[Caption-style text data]
· · ·

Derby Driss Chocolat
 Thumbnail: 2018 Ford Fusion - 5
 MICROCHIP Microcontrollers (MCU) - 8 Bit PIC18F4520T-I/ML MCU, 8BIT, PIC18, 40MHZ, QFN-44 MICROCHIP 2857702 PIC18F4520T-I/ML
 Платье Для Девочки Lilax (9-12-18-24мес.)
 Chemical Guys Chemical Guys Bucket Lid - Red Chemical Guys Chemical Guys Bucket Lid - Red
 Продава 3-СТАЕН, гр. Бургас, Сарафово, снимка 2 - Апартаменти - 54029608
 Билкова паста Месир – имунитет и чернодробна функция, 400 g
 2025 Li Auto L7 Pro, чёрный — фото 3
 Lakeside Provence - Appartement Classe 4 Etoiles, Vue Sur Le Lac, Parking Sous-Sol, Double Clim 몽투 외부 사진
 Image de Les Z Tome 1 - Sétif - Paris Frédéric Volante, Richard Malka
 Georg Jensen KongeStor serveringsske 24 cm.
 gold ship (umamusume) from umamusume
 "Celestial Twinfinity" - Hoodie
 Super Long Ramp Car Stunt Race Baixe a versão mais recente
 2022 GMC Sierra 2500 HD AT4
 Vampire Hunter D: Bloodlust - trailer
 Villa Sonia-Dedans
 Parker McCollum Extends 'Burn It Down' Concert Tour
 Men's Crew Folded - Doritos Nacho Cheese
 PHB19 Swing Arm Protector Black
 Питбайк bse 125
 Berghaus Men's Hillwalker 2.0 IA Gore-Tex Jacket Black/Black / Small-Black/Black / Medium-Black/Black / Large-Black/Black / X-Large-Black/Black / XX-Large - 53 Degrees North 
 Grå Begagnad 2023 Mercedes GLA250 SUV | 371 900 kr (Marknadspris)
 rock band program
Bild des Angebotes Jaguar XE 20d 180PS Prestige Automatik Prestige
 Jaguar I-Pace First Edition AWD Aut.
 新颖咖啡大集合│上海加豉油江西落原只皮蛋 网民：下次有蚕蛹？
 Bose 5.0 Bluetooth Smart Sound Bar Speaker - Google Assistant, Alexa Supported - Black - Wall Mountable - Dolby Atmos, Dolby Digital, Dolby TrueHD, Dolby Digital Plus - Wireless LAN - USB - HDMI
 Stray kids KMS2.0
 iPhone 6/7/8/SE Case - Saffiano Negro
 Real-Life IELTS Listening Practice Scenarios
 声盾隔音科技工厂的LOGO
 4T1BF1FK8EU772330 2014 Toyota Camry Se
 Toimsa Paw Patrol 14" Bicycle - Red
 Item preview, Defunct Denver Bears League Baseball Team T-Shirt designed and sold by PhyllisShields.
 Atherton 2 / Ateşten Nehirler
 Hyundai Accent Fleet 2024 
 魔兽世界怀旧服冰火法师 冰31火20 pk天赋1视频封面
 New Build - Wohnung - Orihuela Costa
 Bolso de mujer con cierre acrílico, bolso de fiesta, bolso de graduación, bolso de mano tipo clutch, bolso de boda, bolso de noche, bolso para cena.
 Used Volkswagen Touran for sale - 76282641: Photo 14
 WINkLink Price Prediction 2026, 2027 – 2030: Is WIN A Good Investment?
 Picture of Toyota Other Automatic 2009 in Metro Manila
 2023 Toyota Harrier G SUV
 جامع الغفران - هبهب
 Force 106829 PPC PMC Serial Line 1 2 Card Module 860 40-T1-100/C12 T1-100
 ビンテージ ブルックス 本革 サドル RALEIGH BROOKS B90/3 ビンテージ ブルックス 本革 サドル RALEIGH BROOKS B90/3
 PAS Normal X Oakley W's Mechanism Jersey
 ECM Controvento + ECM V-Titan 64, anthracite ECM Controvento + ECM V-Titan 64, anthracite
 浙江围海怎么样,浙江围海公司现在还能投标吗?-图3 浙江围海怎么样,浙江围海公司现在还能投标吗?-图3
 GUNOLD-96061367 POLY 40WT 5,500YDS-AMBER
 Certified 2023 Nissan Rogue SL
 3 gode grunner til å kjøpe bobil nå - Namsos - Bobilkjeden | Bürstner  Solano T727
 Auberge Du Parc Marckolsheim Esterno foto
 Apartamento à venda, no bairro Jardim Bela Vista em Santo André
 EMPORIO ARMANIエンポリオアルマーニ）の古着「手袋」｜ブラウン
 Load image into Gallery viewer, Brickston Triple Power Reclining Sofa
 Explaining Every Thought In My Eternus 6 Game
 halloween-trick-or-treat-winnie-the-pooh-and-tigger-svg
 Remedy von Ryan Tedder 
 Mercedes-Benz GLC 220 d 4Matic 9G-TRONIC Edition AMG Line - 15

· · ·

**Instructions for the task**
Set aside each line above that includes the string "Jaguar" and report it.

**Reply to the task**
Bild des Angebotes Jaguar XE 20d 180PS Prestige Automatik Prestige
 Jaguar I-Pace First Edition AWD Aut.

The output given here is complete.